Compile to a shared library by piping `c_code` to gcc:

In [14]:
using Libdl
const Clib = tempname() * "." * Libdl.dlext

open(`gcc -fPIC -O3 -msse3 -xc -shared -o $Clib -`, "w") do f
    print(f, c_code)
end

In [15]:
Clib

"/tmp/jl_VOvCJcfcds.so"

Binding the function from the shared library:

In [16]:
c_sum(X::Array{Float64}) = @ccall Clib.c_sum(length(X)::Csize_t, X::Ptr{Float64})::Float64

c_sum (generic function with 1 method)

In [17]:
c_sum(rand(10))

3.941699267800729

In [18]:
x = rand(10)
@btime c_sum($x);

  5.530 ns (0 allocations: 0 bytes)


## Mixing Julia, Python, and C

Julia (`real`), Python/numpy (`py_sinpi`), C (`c_sum`)

In [19]:
x = rand(10);

In [20]:
abs(py_sinpi(c_sum(x)))

0.18827630984552232

In [21]:
@btime abs(py_sinpi(c_sum($x)));

  1.305 μs (3 allocations: 48 bytes)


See [JuliaInterop](https://github.com/JuliaInterop) for more, such as [RCall.jl](https://github.com/JuliaInterop/RCall.jl), [JavaCall.jl](https://github.com/JuliaInterop/JavaCall.jl), and [MATLAB.jl](https://github.com/JuliaInterop/MATLAB.jl).

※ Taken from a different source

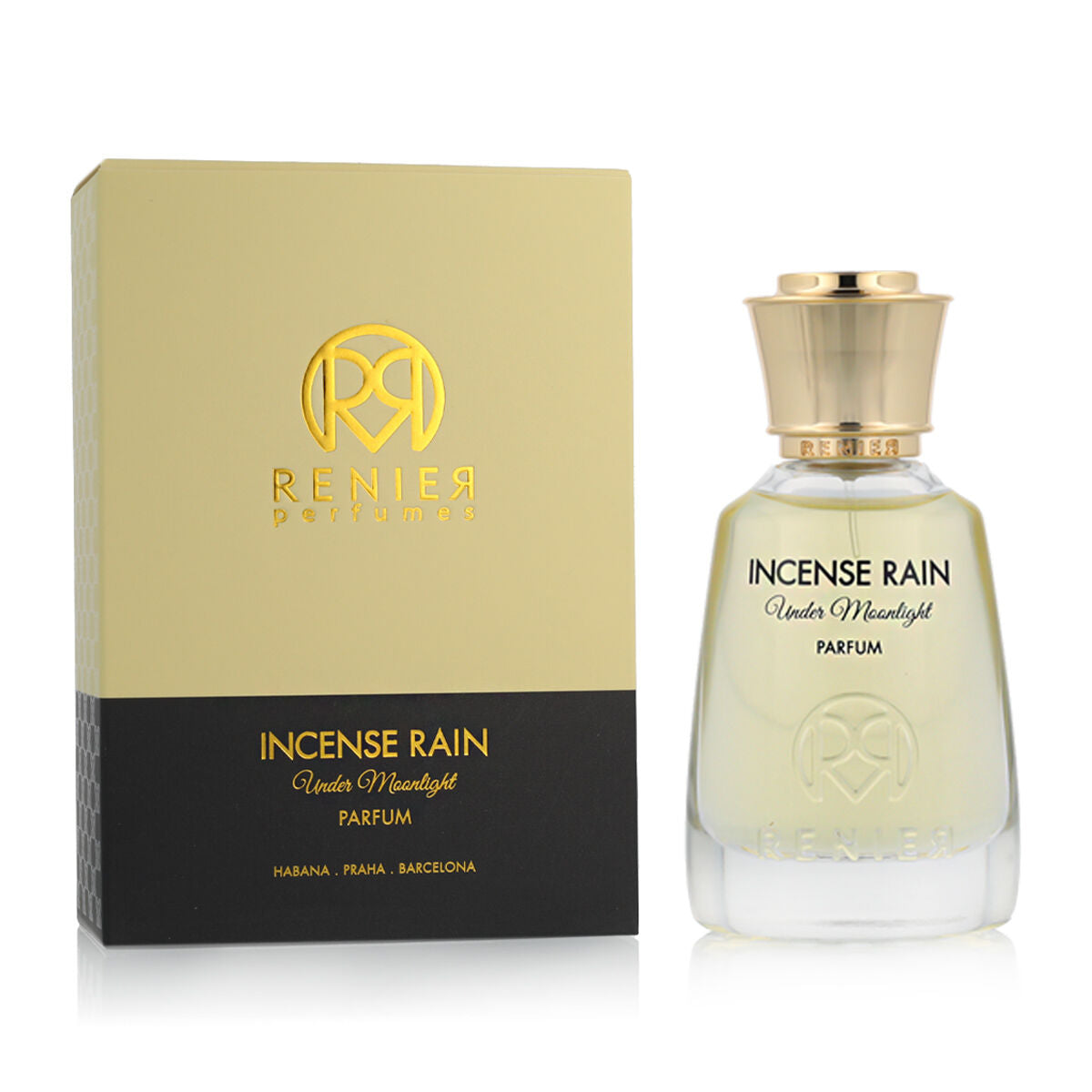 Unisex perfume Renier Perfumes incense Rain 50 ml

# Julia Microbenchmark: Summation

Let's look at and benchmark the sum function:

$$\mathrm{sum}(x) = \sum_{i=1}^n x_i$$

In [24]:
x = rand(10^7);

In [25]:
sum(x)

5.002258869510192e6

In [26]:
d = Dict() # to store the measurement results

Dict{Any, Any}()

## Python

In [27]:
using BenchmarkTools
using PythonCall

### numpy

In [28]:
np = pyimport("numpy")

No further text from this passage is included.